## An ideal of R[x] is homogeneous if and only if it has a generating set consisting only of homogeneous polynomials

Let $R$ be a ring. An ideal $I \subseteq R[x_1,\ldots,x_n]$ is called homogeneous if whenever $\alpha \in I$, each homogeneous component of $\alpha$ is also in $I$. Prove that an ideal is homogeneous if and only if it has a generating set consisting only of homogeneous polynomials.

Let $I$ be a homogeneous ideal. There exists a generating set $A$ of $I$; let $\overline{A}$ denote the set of all homogeneous components of elements in $A$. Certainly we have $A \subseteq (\overline{A})$, so that $I \subseteq (\overline{A})$. Since $I$ is homogeneous, we also have $\overline{A} \subseteq I$, so that $I = (\overline{A})$. Thus $I$ has a generating set consisting only of homogeneous polynomials.

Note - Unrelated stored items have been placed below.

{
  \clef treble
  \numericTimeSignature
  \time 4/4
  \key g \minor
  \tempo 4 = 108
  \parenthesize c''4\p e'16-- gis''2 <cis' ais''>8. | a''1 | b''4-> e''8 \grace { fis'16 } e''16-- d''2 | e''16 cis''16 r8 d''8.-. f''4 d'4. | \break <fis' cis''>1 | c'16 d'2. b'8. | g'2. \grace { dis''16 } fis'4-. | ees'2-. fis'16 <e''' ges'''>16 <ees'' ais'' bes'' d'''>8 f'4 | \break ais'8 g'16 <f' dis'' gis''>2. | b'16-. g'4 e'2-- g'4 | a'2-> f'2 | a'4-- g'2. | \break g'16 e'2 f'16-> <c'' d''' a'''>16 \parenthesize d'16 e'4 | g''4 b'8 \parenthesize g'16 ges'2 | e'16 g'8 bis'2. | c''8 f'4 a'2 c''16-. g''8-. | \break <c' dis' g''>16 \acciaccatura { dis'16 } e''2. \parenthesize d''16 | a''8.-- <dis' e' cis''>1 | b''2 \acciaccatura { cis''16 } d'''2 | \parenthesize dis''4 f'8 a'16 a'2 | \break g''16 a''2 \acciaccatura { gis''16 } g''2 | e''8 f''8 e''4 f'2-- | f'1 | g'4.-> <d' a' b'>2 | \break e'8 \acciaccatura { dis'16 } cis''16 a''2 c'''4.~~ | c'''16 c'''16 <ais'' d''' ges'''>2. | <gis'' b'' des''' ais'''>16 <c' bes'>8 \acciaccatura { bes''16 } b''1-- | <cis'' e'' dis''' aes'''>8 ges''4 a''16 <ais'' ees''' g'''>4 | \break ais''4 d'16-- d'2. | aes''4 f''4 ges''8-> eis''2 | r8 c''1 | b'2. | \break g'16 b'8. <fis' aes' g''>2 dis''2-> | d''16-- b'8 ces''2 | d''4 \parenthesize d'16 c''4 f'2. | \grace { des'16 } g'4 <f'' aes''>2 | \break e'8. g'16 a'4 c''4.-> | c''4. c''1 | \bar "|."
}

Conversely, suppose $I = (A)$ is generated by homogeneous polynomials; let $A = \{a_t\}_T$. We will show that for every $\alpha \in I$, each homogeneous component of $\alpha$ is in $I$ by induction on the degree of $\alpha$. For the base case, let $\alpha \in I$ have minimal degree $k$. We have $\alpha = \sum_t r_t a_t$, where each $a_t$ is homogeneous and in $I$. since $\alpha$ has minimal degree, in fact the degree of each $a_t$ in this decomposition of $\alpha$ has degree $k$, so that $\alpha$ is itself homogeneous of degree $k$. In particular, every homogeneous component of $\alpha$ is in $I$.

For the inductive step, suppose that for some $n \geq k$, if $\alpha \in I$ is a polynomial of degree at most $n$, then every homogeneous component of $\alpha$ is in $I$. Now let $\alpha \in I$ have degree $n+1$. Write $\alpha = \sum_t r_ta_t + \sum_t s_ta_t$, where $\sum_t s_ta_t$ consists only of the degree $n+1$ polynomials in $A$. Note that $\sum_t r_ta_t$ is in $I$, and consists precisely of those homogeneous components of $\alpha$ of degree at most $n$. Thus each homogeneous component of $\alpha$ of degree at most $n$ is in $i$. Moreover, since $\sum_t s_t a_t = \alpha - \sum_t r_ta_t$, the homogeneous component of degree $n+1$ is in $I$. So every homogeneous component of $\alpha$ is in $I$.

By induction, $I$ is a homogeneous ideal.